Beneath this line is the data. Output exactly the lines from the line with "Fitz & Floyd Reindeer (broken)" to the line with "Astral Glasswing Moth adopt auction (OPEN)", both ends included, and nothing more.

Start of GIVEN DATA

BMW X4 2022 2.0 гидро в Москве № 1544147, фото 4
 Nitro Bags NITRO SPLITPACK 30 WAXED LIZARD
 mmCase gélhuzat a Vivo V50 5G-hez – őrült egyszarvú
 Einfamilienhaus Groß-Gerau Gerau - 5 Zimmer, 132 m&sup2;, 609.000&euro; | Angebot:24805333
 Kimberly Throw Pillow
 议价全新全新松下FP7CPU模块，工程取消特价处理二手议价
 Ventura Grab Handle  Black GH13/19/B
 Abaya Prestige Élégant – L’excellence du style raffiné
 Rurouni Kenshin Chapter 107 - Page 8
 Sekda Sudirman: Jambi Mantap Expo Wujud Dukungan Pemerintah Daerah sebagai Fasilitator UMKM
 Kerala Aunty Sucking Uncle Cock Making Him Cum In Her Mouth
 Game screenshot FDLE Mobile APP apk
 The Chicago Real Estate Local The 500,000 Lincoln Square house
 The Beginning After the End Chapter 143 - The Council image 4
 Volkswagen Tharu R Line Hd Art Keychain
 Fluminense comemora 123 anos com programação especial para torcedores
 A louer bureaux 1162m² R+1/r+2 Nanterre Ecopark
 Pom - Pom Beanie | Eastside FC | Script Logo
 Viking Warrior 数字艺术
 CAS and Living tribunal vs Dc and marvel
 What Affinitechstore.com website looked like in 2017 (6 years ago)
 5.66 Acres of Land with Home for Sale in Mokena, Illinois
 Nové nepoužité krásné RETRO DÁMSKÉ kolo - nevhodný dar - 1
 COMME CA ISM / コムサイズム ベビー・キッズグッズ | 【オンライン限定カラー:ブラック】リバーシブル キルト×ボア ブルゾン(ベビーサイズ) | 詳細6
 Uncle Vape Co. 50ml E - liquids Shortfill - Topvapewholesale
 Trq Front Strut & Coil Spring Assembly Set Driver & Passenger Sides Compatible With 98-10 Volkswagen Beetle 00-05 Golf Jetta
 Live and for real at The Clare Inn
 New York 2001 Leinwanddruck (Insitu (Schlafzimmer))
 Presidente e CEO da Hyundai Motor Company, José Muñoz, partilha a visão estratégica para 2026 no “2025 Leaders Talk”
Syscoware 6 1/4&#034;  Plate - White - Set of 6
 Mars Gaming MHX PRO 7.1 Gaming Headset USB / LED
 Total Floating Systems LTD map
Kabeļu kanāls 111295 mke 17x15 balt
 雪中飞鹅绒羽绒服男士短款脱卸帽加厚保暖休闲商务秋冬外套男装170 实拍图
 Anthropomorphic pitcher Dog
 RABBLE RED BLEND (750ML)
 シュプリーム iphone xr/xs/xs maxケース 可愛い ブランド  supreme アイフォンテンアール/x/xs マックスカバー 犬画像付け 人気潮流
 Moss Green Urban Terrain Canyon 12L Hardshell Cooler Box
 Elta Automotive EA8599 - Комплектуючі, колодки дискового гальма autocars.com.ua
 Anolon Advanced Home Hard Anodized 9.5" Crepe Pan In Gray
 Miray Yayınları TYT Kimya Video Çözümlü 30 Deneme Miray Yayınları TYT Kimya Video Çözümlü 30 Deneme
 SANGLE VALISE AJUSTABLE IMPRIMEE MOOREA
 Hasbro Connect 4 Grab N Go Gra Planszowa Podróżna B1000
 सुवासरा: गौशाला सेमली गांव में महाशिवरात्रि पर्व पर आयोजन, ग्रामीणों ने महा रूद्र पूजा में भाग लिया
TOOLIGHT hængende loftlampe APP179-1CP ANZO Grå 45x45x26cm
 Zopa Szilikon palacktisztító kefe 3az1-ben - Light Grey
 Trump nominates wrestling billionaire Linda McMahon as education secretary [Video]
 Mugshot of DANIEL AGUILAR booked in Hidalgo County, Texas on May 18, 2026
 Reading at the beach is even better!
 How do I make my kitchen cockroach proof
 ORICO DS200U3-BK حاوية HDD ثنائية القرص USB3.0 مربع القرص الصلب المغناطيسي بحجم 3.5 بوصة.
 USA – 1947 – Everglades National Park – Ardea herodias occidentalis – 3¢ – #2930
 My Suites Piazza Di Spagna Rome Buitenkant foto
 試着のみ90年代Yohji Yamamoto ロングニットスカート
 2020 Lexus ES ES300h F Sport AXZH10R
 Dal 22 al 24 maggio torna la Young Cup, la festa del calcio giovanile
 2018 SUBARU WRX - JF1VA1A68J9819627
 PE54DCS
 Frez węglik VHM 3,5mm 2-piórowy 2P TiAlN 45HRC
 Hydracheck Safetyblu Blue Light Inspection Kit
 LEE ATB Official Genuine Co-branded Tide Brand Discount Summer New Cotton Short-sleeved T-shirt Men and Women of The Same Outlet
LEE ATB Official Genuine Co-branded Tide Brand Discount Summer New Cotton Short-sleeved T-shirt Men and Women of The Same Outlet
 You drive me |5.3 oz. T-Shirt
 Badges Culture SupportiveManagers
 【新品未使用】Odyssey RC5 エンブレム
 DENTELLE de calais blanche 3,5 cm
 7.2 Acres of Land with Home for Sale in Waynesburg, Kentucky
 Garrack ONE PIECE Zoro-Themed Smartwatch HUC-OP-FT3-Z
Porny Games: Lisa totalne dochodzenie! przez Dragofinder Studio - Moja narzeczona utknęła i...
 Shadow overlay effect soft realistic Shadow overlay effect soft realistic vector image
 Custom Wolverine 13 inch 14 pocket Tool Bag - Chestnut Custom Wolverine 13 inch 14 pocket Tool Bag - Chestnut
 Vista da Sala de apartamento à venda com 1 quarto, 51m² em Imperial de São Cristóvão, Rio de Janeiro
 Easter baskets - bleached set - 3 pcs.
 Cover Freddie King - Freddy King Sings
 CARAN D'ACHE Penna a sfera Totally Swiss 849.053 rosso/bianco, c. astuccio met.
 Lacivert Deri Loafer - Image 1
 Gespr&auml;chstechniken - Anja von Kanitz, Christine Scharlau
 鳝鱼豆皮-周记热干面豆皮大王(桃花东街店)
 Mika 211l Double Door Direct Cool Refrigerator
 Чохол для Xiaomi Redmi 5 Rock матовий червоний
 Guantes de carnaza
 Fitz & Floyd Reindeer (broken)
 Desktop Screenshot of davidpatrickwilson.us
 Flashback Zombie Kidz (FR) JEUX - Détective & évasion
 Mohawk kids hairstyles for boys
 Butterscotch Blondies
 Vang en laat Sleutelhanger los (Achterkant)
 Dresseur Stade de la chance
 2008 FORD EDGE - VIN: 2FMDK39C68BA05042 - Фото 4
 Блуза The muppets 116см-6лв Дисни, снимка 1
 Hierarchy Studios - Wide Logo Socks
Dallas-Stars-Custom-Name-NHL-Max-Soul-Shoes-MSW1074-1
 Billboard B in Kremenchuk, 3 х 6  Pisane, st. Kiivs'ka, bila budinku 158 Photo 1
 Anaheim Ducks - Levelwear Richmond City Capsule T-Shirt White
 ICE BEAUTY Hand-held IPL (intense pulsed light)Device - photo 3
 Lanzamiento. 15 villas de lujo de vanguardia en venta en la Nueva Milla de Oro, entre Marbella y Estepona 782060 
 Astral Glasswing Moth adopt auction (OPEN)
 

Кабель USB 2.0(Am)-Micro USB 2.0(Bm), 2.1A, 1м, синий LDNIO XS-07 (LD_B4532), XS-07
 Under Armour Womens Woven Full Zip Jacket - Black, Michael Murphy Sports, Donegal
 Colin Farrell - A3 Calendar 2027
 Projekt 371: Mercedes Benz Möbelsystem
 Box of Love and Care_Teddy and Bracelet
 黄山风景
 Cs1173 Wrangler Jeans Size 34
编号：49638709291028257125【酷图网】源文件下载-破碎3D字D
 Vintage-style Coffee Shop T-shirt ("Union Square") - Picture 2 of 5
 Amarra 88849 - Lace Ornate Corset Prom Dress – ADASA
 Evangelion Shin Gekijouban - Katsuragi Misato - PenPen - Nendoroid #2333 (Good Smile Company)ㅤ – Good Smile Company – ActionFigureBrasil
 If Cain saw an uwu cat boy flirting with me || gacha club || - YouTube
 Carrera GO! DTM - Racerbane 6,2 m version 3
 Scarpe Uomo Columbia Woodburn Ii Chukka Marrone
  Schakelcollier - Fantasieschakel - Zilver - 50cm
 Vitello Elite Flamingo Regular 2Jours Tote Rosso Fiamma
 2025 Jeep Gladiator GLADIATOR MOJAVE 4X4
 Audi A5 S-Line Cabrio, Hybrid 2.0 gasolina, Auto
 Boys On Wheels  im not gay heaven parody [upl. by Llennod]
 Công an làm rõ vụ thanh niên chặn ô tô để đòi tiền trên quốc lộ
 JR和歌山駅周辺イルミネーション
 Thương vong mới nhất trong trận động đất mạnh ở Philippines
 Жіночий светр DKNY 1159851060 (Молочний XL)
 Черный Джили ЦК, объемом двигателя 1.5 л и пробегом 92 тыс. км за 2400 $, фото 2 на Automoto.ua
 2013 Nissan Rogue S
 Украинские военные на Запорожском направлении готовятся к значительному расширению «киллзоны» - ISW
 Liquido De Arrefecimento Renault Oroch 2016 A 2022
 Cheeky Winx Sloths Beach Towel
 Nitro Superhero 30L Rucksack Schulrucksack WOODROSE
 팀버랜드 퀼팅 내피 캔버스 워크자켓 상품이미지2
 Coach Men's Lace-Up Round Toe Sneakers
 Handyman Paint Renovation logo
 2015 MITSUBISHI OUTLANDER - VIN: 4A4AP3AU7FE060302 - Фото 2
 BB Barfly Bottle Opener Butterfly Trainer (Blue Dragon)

End of GIVEN DATA

** REPLY TO THE TASK **
 Fitz & Floyd Reindeer (broken)
 Desktop Screenshot of davidpatrickwilson.us
 Flashback Zombie Kidz (FR) JEUX - Détective & évasion
 Mohawk kids hairstyles for boys
 Butterscotch Blondies
 Vang en laat Sleutelhanger los (Achterkant)
 Dresseur Stade de la chance
 2008 FORD EDGE - VIN: 2FMDK39C68BA05042 - Фото 4
 Блуза The muppets 116см-6лв Дисни, снимка 1
 Hierarchy Studios - Wide Logo Socks
Dallas-Stars-Custom-Name-NHL-Max-Soul-Shoes-MSW1074-1
 Billboard B in Kremenchuk, 3 х 6  Pisane, st. Kiivs'ka, bila budinku 158 Photo 1
 Anaheim Ducks - Levelwear Richmond City Capsule T-Shirt White
 ICE BEAUTY Hand-held IPL (intense pulsed light)Device - photo 3
 Lanzamiento. 15 villas de lujo de vanguardia en venta en la Nueva Milla de Oro, entre Marbella y Estepona 782060 
 Astral Glasswing Moth adopt auction (OPEN)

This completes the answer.